Each line of the data is to be output verbatim, with the images removed.

* THE DATA
○ ○ ○ ○ ○ ○ ○

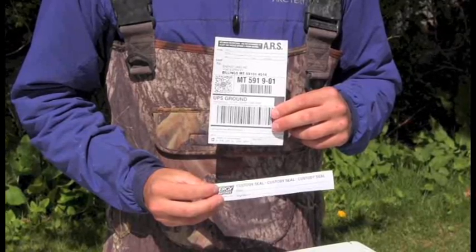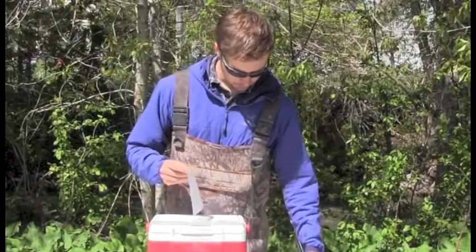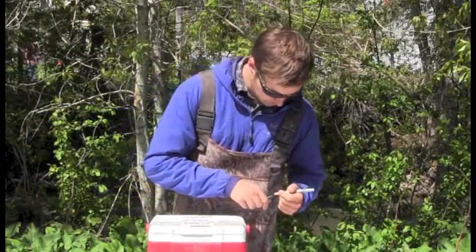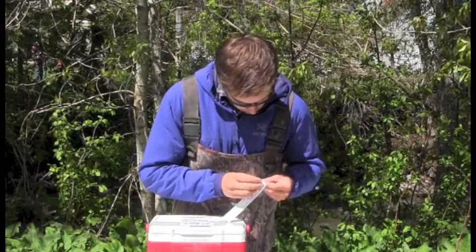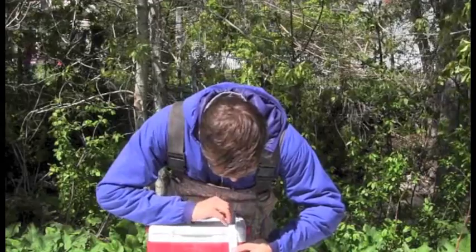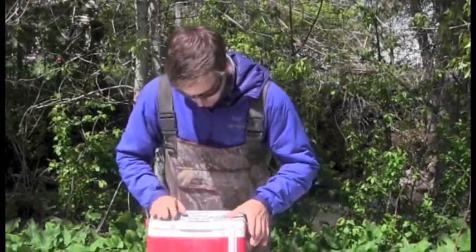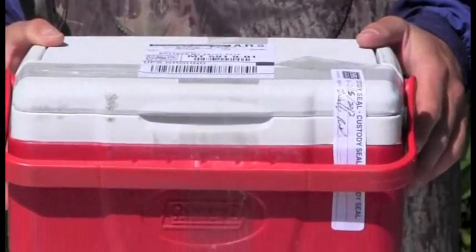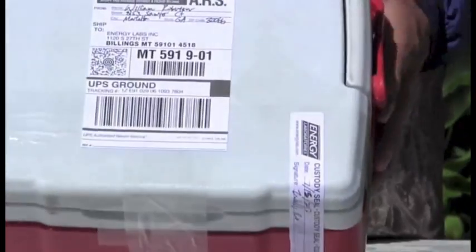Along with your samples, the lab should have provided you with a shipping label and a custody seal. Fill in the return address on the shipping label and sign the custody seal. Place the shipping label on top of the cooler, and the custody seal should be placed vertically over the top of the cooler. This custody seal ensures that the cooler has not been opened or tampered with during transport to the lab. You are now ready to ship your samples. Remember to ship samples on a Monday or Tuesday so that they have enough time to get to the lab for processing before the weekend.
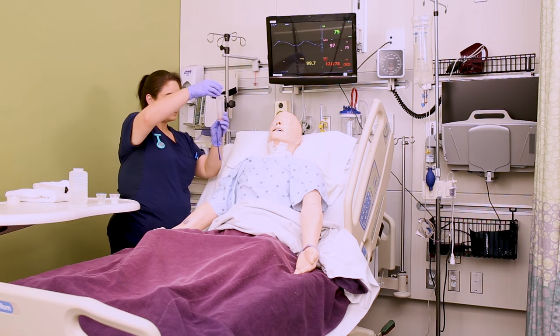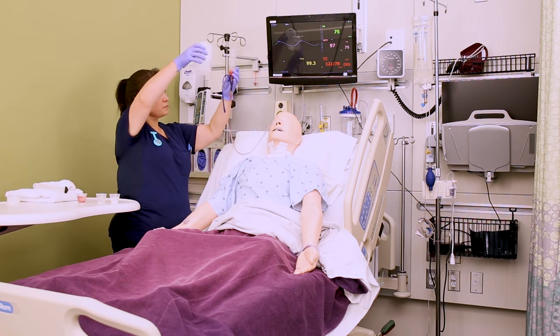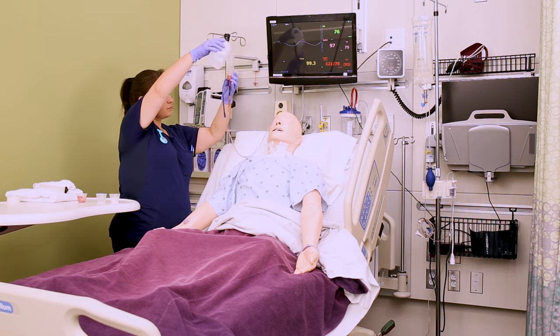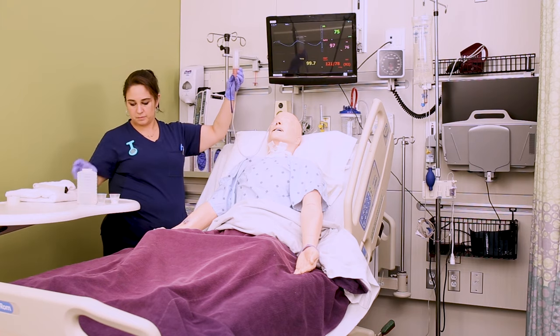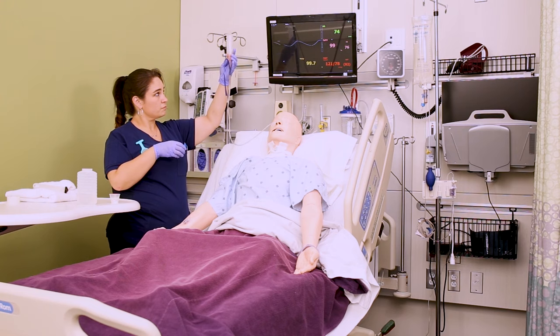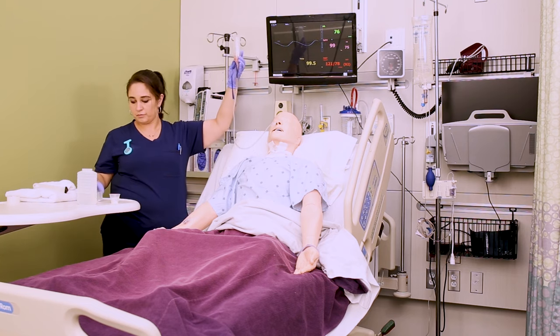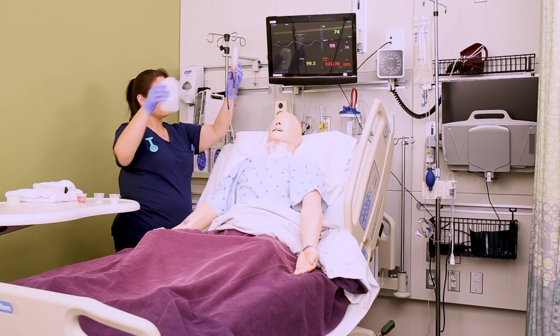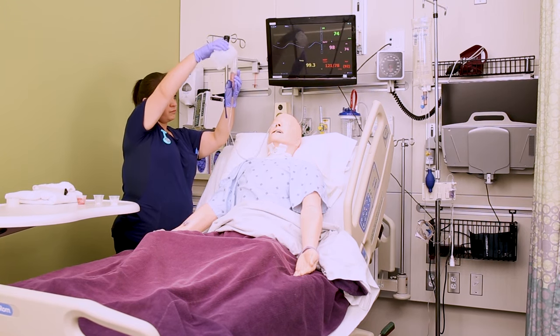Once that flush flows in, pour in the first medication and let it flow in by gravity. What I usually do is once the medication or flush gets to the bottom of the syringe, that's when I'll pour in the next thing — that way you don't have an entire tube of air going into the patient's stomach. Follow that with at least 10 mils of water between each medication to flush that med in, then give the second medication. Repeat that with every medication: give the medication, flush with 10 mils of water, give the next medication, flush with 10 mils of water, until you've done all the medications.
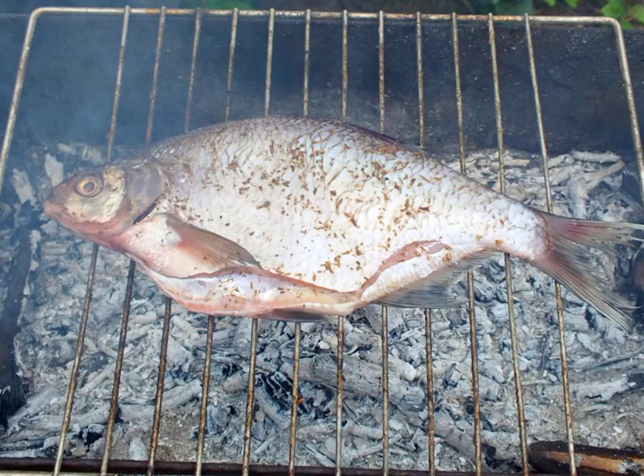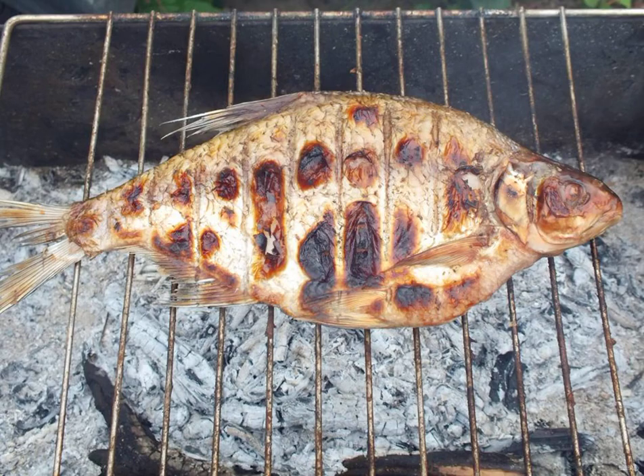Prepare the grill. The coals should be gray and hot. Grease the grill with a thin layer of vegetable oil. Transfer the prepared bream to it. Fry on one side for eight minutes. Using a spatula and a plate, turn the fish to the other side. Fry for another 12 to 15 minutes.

○ ○ ○ ○ ○ ○ ○

* ANSWER FOR THIS EXERCISE
Along with your samples, the lab should have provided you with a shipping label and a custody seal. Fill in the return address on the shipping label and sign the custody seal. Place the shipping label on top of the cooler, and the custody seal should be placed vertically over the top of the cooler. This custody seal ensures that the cooler has not been opened or tampered with during transport to the lab. You are now ready to ship your samples. Remember to ship samples on a Monday or Tuesday so that they have enough time to get to the lab for processing before the weekend.
Once that flush flows in, pour in the first medication and let it flow in by gravity. What I usually do is once the medication or flush gets to the bottom of the syringe, that's when I'll pour in the next thing — that way you don't have an entire tube of air going into the patient's stomach. Follow that with at least 10 mils of water between each medication to flush that med in, then give the second medication. Repeat that with every medication: give the medication, flush with 10 mils of water, give the next medication, flush with 10 mils of water, until you've done all the medications.
Prepare the grill. The coals should be gray and hot. Grease the grill with a thin layer of vegetable oil. Transfer the prepared bream to it. Fry on one side for eight minutes. Using a spatula and a plate, turn the fish to the other side. Fry for another 12 to 15 minutes.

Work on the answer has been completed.